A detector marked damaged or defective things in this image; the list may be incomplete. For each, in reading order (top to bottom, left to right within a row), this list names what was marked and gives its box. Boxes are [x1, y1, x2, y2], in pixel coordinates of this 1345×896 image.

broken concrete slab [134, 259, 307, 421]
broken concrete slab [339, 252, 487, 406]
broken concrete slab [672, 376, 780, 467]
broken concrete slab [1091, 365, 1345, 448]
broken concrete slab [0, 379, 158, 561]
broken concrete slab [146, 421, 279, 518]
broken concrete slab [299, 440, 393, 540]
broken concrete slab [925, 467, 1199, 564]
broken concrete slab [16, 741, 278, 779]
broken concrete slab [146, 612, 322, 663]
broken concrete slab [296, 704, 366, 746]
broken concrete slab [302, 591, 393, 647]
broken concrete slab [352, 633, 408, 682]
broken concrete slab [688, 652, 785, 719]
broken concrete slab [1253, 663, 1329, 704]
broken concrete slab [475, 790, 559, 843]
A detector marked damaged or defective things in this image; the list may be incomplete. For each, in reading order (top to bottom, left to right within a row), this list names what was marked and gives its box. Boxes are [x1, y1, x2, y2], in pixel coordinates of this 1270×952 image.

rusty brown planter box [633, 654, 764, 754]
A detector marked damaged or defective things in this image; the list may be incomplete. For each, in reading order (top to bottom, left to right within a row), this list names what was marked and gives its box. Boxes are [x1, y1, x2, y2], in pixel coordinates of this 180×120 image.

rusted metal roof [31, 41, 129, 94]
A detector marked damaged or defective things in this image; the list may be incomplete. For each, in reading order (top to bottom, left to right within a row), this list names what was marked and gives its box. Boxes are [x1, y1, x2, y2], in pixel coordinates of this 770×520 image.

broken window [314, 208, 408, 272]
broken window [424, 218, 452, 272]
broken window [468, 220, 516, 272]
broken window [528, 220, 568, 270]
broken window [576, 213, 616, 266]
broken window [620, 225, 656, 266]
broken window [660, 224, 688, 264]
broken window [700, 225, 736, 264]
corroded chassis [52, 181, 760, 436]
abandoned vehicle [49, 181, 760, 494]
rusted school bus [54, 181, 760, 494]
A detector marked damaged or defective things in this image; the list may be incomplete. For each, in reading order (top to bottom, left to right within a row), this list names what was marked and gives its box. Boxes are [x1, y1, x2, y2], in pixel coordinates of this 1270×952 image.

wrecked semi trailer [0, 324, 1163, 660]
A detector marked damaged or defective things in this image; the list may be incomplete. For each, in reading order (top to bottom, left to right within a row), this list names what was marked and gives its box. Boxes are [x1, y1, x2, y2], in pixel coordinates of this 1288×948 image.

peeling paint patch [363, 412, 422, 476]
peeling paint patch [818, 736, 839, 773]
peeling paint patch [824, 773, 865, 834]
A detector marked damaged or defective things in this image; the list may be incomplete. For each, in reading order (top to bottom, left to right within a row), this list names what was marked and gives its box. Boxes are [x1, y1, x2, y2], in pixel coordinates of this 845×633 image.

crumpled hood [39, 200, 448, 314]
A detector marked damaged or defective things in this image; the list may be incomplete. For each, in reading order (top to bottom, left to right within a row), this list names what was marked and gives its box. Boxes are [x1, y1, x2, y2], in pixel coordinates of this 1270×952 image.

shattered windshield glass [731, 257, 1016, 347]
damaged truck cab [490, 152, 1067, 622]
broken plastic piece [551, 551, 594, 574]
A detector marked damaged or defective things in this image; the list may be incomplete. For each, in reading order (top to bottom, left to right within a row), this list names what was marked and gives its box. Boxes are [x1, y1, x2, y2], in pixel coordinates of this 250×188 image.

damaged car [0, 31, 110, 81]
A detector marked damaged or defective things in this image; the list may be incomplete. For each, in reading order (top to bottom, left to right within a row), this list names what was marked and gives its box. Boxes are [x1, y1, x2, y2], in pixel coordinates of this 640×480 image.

◆ Task to complete
Only the lines from the one with "this 845×633 image." through the last line of the records belong in the answer, each copied exactly.

◆ Written solution
A detector marked damaged or defective things in this image; the list may be incomplete. For each, in reading order (top to bottom, left to right within a row), this list names what was marked and gives its box. Boxes are [x1, y1, x2, y2], in pixel coordinates of this 845×633 image.

crumpled hood [39, 200, 448, 314]
A detector marked damaged or defective things in this image; the list may be incomplete. For each, in reading order (top to bottom, left to right within a row), this list names what was marked and gives its box. Boxes are [x1, y1, x2, y2], in pixel coordinates of this 1270×952 image.

shattered windshield glass [731, 257, 1016, 347]
damaged truck cab [490, 152, 1067, 622]
broken plastic piece [551, 551, 594, 574]
A detector marked damaged or defective things in this image; the list may be incomplete. For each, in reading order (top to bottom, left to right within a row), this list names what was marked and gives its box. Boxes are [x1, y1, x2, y2], in pixel coordinates of this 250×188 image.

damaged car [0, 31, 110, 81]
A detector marked damaged or defective things in this image; the list may be incomplete. For each, in reading order (top to bottom, left to right within a row), this list names what was marked and gives its box. Boxes are [x1, y1, x2, y2], in pixel coordinates of this 640×480 image.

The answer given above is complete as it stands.